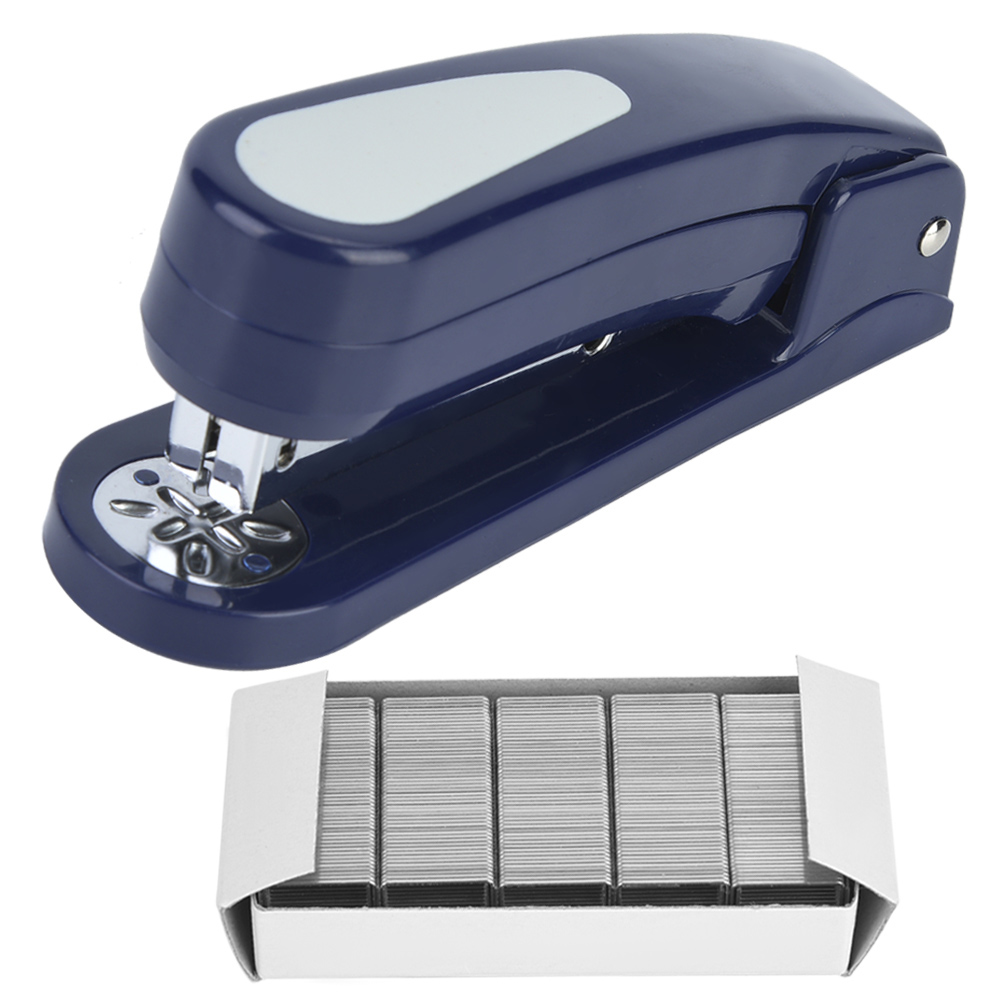 Robuster, Mittelgroßer Rotationshefter, 45-grad-winkel, Kapazität 20 Blatt (blau)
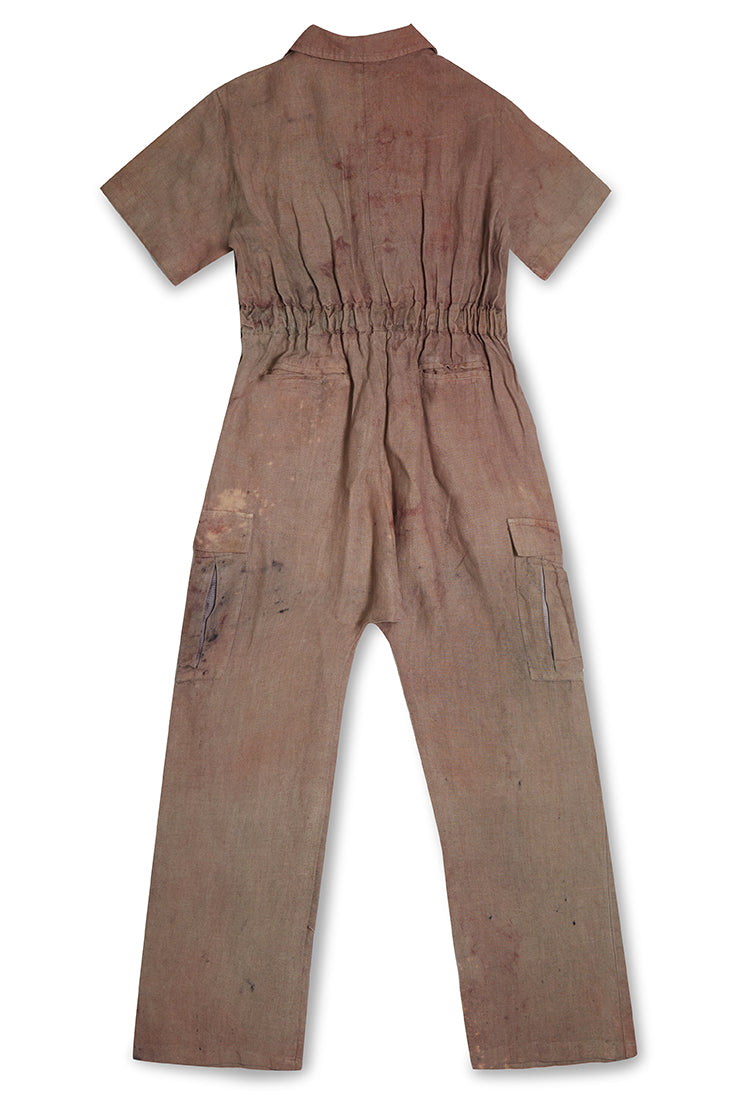 Explosive Tie Dyed Belted Jumpsuit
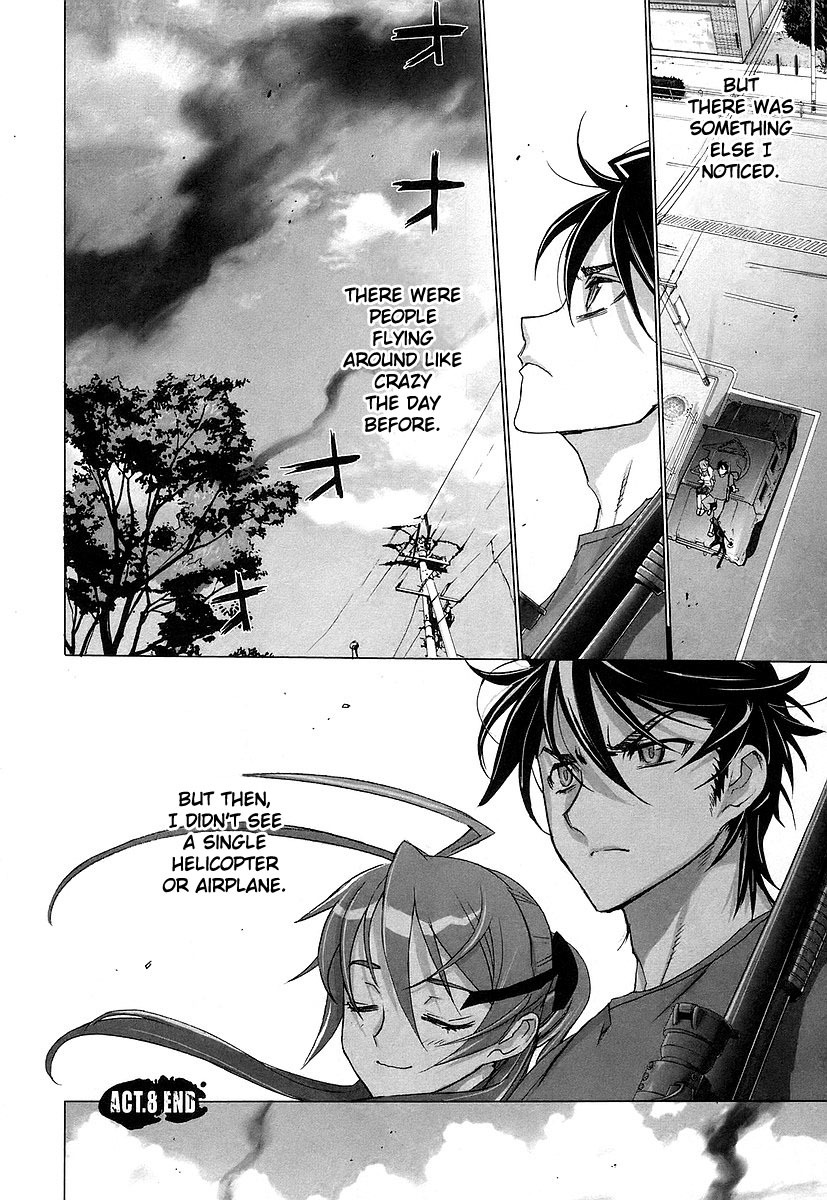 Highschool of the Dead Chapter 8 page 29 - Chapter 8: Alice in Deadland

Task description
Output the full listing above exactly, excluding all pictures.

Task solution
 Robuster, Mittelgroßer Rotationshefter, 45-grad-winkel, Kapazität 20 Blatt (blau)
 Explosive Tie Dyed Belted Jumpsuit
 Highschool of the Dead Chapter 8 page 29 - Chapter 8: Alice in Deadland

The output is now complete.